Я понимал, что тебе сейчас очень плохо и тяжело, так плохо, и тяжко, как бывает только в шестнадцать или семнадцать лет; что весь мир кажется тебе враждебным и чужим, потому что в глубине души ты чувствуешь себя человеком исключительным, выдающимся, быть может даже гениальным, но никто в мире этой твоей исключительности не понимает, да ты и сам не знаешь, и не можешь понять, в чем она состоит — эта твоя исключительность, и ей нет в твоей жизни никаких подтверждений: никого ты ни в чем не опередил и талантов никаких не обнаружил, и в школе учишься плохо, и все свои поступки совершаешь как бы наперекор ей, этой своей исключительности, наперекор всем окружающим, наперекор самому себе; и все тебя осуждают, только одна она, твоя жалкая сопливая девчонка, она одна не осуждает тебя, будто догадываясь — хотя и не может об этом догадываться, — что твои судороги — это судороги человека, еще не запиханного в клетку, еще не загнанного в стадо; будто догадываясь, что пройдет немного времени и эти судороги кончатся, и ты придешь ко мне однажды счастливый и уверенный и скажешь:

— Наши считают, что моя идея…

И ты пришел ко мне однажды, счастливый и уверенный, и сказал:

— Наши считают, что моя идея…

И хотя я еще не знал, что считают «наши» по поводу твоей идеи, но почувствовал, что не могу запихать тебя ни в клетку «наших», с которыми я дружу, ни в клетку «не наших», с которыми я враждую, ни в клетку евреев, хотя ты родился евреем, ни в клетку русских, хотя ты вырос среди русских, ни в клетку рабочих, хотя отец устроил тебя на завод, ни в клетку интеллигентов, хотя ты читаешь Монтеня и Стерна, ни в клетку атеистов, хотя ты не веришь в бога, ни в клетку верующих, хотя ты веришь в предначертанность своей судьбы.

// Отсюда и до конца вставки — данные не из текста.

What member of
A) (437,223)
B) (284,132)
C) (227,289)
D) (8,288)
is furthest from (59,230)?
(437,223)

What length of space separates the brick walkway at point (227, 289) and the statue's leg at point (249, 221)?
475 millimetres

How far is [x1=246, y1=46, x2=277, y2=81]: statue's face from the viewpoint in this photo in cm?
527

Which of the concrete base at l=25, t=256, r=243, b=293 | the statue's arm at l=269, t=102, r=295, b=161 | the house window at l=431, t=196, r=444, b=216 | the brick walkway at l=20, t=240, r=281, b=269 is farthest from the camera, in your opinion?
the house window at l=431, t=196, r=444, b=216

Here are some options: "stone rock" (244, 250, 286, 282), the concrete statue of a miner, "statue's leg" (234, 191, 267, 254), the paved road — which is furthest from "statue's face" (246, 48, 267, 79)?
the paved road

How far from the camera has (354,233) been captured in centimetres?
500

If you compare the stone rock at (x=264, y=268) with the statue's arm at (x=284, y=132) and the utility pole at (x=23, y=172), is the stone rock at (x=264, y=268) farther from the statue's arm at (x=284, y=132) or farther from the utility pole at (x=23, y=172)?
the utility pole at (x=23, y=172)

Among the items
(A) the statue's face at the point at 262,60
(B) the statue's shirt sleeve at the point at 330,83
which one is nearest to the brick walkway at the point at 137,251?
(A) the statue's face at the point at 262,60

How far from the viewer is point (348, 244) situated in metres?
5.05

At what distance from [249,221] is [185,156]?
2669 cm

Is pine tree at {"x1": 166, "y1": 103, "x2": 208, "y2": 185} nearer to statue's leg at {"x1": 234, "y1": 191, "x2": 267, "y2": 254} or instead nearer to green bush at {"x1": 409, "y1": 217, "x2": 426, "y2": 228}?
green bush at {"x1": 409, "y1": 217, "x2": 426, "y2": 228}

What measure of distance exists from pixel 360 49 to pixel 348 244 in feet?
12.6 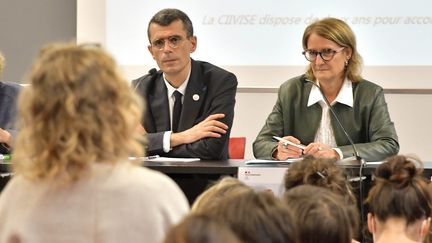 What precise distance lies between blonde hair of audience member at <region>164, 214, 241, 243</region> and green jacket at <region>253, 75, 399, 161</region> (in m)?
2.45

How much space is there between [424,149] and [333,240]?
3441 mm

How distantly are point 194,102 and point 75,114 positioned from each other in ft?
7.74

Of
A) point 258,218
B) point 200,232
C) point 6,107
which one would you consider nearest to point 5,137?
point 6,107

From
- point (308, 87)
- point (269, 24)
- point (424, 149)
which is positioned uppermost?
point (269, 24)

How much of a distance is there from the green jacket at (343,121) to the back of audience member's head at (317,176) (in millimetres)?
1144

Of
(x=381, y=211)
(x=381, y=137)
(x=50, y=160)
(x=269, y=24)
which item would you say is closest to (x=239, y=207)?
(x=50, y=160)

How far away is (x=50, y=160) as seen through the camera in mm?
1542

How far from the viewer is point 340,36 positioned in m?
3.83

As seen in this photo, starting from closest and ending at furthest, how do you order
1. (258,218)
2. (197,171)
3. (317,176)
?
1. (258,218)
2. (317,176)
3. (197,171)

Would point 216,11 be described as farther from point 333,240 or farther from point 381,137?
point 333,240

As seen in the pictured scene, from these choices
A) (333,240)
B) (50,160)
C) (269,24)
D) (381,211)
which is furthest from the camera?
(269,24)

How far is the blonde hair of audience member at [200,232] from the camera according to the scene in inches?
45.8

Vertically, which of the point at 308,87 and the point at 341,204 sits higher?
the point at 308,87

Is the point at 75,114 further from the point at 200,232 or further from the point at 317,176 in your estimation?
the point at 317,176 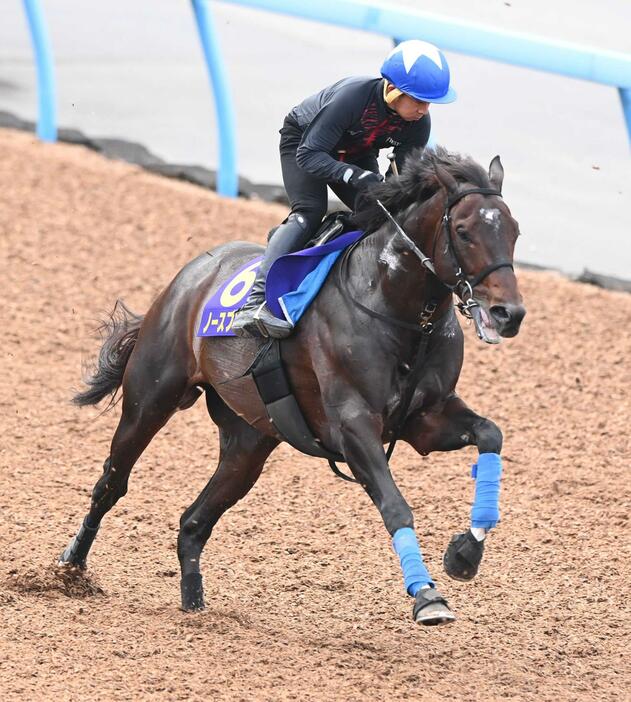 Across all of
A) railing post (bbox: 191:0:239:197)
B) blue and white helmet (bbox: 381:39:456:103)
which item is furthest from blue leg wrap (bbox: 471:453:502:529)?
railing post (bbox: 191:0:239:197)

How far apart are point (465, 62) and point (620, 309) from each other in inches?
146

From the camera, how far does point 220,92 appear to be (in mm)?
11781

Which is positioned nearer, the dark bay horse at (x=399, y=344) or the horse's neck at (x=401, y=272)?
the dark bay horse at (x=399, y=344)

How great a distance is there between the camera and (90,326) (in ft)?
32.5

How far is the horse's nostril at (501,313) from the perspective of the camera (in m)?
4.87

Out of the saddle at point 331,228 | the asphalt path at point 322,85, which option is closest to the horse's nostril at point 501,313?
the saddle at point 331,228

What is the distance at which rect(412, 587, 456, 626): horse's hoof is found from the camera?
4.85 metres

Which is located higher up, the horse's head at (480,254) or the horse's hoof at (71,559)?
the horse's head at (480,254)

Я не мог расчленить тебя на части или разобрать на детали, как разбирают радиоприемники или автомобиль, чтобы каждую твою часть втиснуть в соответствующую ей клетку. Если бы я попытался это сделать, то мне пришлось бы запихать в клетку всего тебя целиком, сдавливая и сплющивая, ломая и калеча твои ребра, руки и ноги, пока ты не превратишься в отвлеченное понятие «еврей», «русский», «рабочий», «интеллигент», «атеист», «верующий»; в отвлеченное понятие, которое, подобно мертвой цифре, удобно для сложения, вычитания, умножения и деления, но лишено тревоги твоих матовых глаз, трепета твоего ломкого голоса, смятения твоих мыслей, энергии твоих длинных пальцев. В моем представлении ты существуешь единый, неделимый и грандиозный, как вселенная, и настолько превосходишь свою национальность, свое гражданство, социальное положение и свои идеи, насколько громадная лестница превосходит каждую из своих ступеней.

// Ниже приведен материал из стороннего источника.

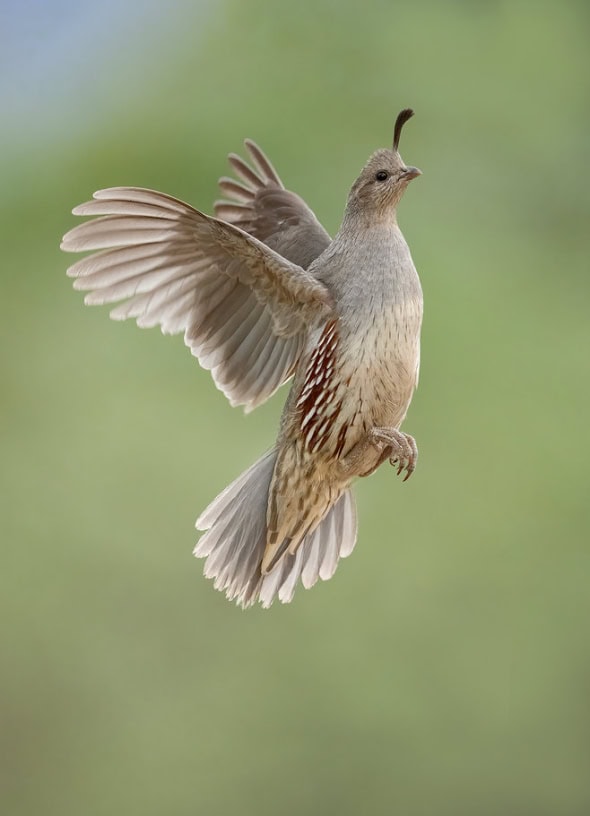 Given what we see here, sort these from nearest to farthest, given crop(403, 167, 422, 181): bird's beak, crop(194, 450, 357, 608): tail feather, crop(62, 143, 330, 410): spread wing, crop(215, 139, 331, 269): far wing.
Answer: crop(403, 167, 422, 181): bird's beak < crop(62, 143, 330, 410): spread wing < crop(194, 450, 357, 608): tail feather < crop(215, 139, 331, 269): far wing

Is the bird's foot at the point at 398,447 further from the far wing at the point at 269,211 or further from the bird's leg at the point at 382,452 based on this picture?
the far wing at the point at 269,211

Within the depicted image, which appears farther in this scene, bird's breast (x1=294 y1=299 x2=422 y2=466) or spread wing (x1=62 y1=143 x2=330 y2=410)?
spread wing (x1=62 y1=143 x2=330 y2=410)

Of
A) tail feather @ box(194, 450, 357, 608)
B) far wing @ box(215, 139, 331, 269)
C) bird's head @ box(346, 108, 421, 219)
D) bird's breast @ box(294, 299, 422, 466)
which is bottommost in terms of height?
tail feather @ box(194, 450, 357, 608)

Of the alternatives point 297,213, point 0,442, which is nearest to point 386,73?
point 0,442

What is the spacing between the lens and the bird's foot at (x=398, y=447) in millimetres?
2646

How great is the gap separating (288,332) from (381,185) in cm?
44

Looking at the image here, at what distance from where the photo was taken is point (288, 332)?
3.12 m

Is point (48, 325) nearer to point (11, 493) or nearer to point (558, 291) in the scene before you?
point (11, 493)

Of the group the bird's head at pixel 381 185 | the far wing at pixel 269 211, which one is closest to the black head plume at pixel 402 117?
the bird's head at pixel 381 185

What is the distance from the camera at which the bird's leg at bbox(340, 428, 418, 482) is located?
2.66m

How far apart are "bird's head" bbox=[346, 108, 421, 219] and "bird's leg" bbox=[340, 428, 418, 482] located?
0.49 meters

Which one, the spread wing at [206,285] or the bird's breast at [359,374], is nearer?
the bird's breast at [359,374]

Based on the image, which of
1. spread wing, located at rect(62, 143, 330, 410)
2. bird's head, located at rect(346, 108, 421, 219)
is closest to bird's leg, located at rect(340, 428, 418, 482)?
spread wing, located at rect(62, 143, 330, 410)

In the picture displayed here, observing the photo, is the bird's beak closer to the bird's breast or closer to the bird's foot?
the bird's breast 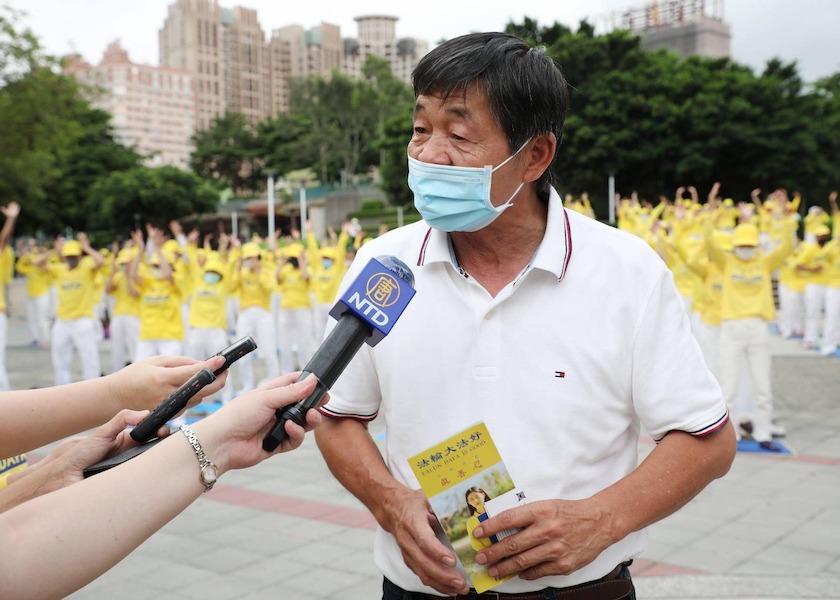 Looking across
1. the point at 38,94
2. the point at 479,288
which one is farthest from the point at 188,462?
the point at 38,94

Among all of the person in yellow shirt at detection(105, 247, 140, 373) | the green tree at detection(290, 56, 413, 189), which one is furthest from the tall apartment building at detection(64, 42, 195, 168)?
the person in yellow shirt at detection(105, 247, 140, 373)

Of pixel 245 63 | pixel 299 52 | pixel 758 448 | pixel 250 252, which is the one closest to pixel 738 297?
pixel 758 448

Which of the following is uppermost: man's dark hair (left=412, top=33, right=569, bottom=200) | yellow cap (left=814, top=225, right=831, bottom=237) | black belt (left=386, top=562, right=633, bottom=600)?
man's dark hair (left=412, top=33, right=569, bottom=200)

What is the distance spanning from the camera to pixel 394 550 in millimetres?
2020

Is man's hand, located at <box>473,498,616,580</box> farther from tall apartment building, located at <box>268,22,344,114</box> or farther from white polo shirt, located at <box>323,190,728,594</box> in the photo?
tall apartment building, located at <box>268,22,344,114</box>

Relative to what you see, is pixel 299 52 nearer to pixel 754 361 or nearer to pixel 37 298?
pixel 37 298

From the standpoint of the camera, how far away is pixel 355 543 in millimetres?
5477

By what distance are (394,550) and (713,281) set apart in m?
8.01

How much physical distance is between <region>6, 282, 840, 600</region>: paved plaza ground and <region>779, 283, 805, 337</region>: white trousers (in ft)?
33.9

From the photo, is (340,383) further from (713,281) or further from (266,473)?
(713,281)

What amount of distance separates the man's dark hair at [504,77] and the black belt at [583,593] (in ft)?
3.31

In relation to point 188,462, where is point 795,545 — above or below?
below

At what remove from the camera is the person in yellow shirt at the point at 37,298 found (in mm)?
17938

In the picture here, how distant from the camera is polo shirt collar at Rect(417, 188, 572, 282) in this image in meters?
1.95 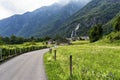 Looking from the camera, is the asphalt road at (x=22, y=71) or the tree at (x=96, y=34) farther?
the tree at (x=96, y=34)

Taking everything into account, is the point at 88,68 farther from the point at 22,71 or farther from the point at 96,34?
the point at 96,34

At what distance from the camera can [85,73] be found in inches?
750

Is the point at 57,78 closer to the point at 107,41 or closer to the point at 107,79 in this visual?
the point at 107,79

Я хотел бы увести тебя подальше от этого странного зверинца, где все люди рассортированы по клеткам, а тот, кто еще бродит на свободе, какой-нибудь шестнадцатилетний юнец, чувствует себя сиротливым и беззащитным, пока ему не удастся втиснуться в одну из клеток или пристать к одному из стад, которые пасутся на щедрых пастбищах нашей планеты: к стаду евреев или к стаду русских, к стаду рабочих или к стаду интеллигентов, к стаду атеистов или к стаду верующих.

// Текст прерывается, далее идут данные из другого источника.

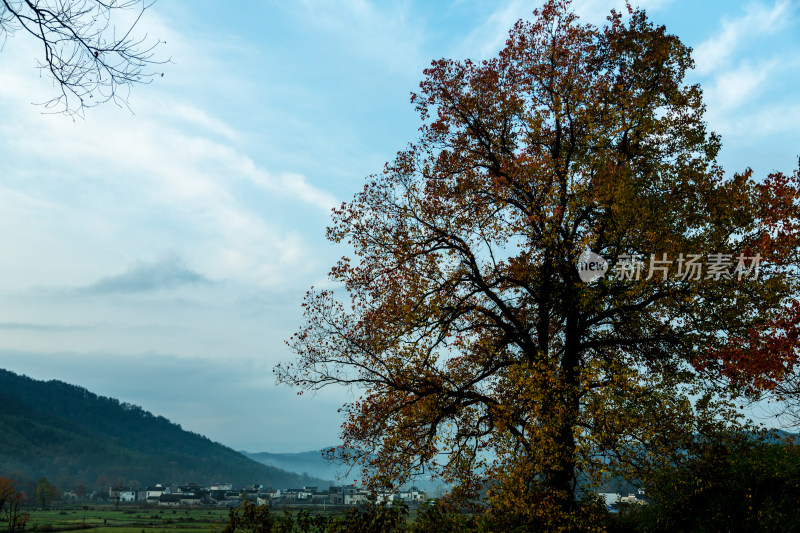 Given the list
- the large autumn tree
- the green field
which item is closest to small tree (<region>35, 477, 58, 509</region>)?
the green field

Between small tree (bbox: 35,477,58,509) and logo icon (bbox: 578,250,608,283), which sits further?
small tree (bbox: 35,477,58,509)

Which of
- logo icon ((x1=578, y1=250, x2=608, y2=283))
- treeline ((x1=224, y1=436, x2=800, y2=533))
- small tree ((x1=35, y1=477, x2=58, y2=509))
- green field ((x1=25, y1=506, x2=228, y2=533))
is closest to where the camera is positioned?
treeline ((x1=224, y1=436, x2=800, y2=533))

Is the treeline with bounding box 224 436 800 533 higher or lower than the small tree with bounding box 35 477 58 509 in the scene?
higher

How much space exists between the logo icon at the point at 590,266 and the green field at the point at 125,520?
7726cm

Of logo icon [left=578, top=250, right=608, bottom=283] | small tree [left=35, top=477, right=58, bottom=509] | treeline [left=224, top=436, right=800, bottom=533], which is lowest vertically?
small tree [left=35, top=477, right=58, bottom=509]

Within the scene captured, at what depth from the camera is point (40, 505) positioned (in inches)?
5463

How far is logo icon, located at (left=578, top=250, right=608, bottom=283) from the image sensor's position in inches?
650

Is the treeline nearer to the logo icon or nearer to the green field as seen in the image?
the logo icon

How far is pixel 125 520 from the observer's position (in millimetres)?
108125

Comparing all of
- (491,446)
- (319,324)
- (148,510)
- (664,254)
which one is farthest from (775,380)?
(148,510)

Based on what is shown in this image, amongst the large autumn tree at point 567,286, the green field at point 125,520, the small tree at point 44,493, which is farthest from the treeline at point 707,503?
the small tree at point 44,493

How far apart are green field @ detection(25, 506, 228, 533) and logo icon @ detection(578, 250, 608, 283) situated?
77.3 meters

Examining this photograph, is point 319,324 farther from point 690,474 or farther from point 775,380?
point 775,380

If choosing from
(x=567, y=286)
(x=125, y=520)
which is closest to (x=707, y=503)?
(x=567, y=286) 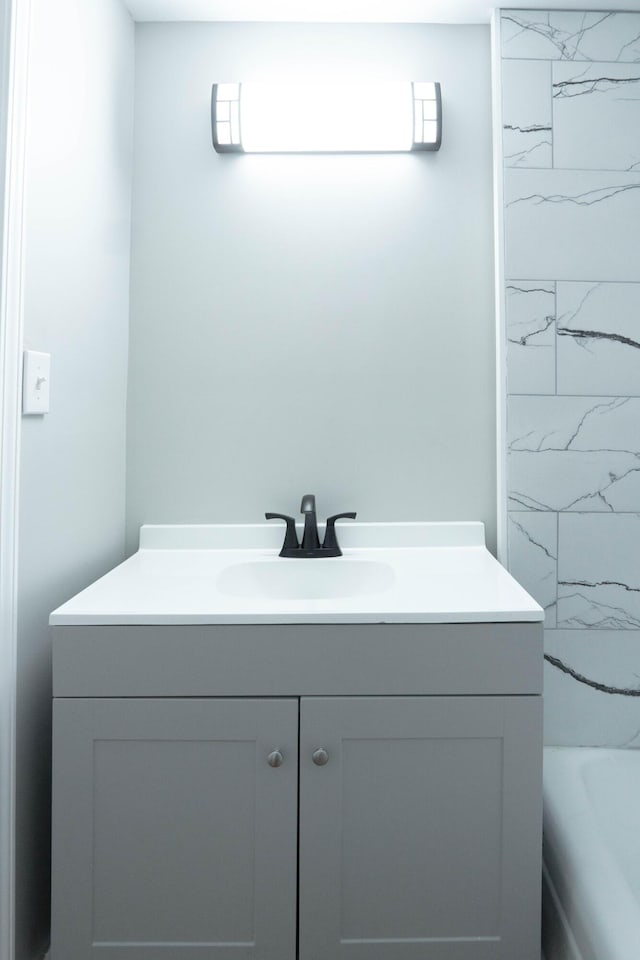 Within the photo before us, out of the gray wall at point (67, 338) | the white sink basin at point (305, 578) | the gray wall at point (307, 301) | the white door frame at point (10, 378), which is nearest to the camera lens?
the white door frame at point (10, 378)

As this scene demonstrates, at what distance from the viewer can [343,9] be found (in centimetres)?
169

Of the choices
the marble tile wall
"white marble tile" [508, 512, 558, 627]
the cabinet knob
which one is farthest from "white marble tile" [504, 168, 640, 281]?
the cabinet knob

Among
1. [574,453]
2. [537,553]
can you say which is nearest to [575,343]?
[574,453]

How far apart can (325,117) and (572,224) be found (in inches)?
25.4

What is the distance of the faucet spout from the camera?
1.62 meters

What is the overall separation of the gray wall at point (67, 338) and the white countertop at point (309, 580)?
0.38 feet

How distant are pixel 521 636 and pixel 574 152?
1.20 metres

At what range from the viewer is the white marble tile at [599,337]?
1.69m

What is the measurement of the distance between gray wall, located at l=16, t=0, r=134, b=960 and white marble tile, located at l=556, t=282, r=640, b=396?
1.07m

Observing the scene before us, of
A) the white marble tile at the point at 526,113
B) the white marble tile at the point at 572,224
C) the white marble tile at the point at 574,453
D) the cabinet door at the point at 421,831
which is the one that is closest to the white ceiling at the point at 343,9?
the white marble tile at the point at 526,113

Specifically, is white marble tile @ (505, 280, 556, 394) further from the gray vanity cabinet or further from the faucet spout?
the gray vanity cabinet

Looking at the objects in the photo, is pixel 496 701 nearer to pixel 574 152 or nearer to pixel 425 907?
pixel 425 907

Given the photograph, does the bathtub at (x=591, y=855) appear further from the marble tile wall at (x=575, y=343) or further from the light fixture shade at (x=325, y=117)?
the light fixture shade at (x=325, y=117)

Но мне некуда было увести тебя, потому что и сам я пасусь с одним из стад. Мое стадо не хуже других, а иногда мне даже кажется, что оно лучше других. Благородное знамя нашего стада обагрено кровью тех, кто отдал за него жизнь. Неумолкающая дробь барабана неутомима, как стук сердца. От топота наших копыт содрогаются горы. И когда меня спрашивают, кто я? я с гордостью отвечаю, что я еврей или русский, рабочий или интеллигент, атеист или верующий.

В стаде спокойно и безопасно: куда все, туда и ты. Никакой личной ответственности, никакой обременительной свободы. В каждом стаде есть вожак, есть традиция, есть знамя и есть барабан. И барабанщиком там — идея.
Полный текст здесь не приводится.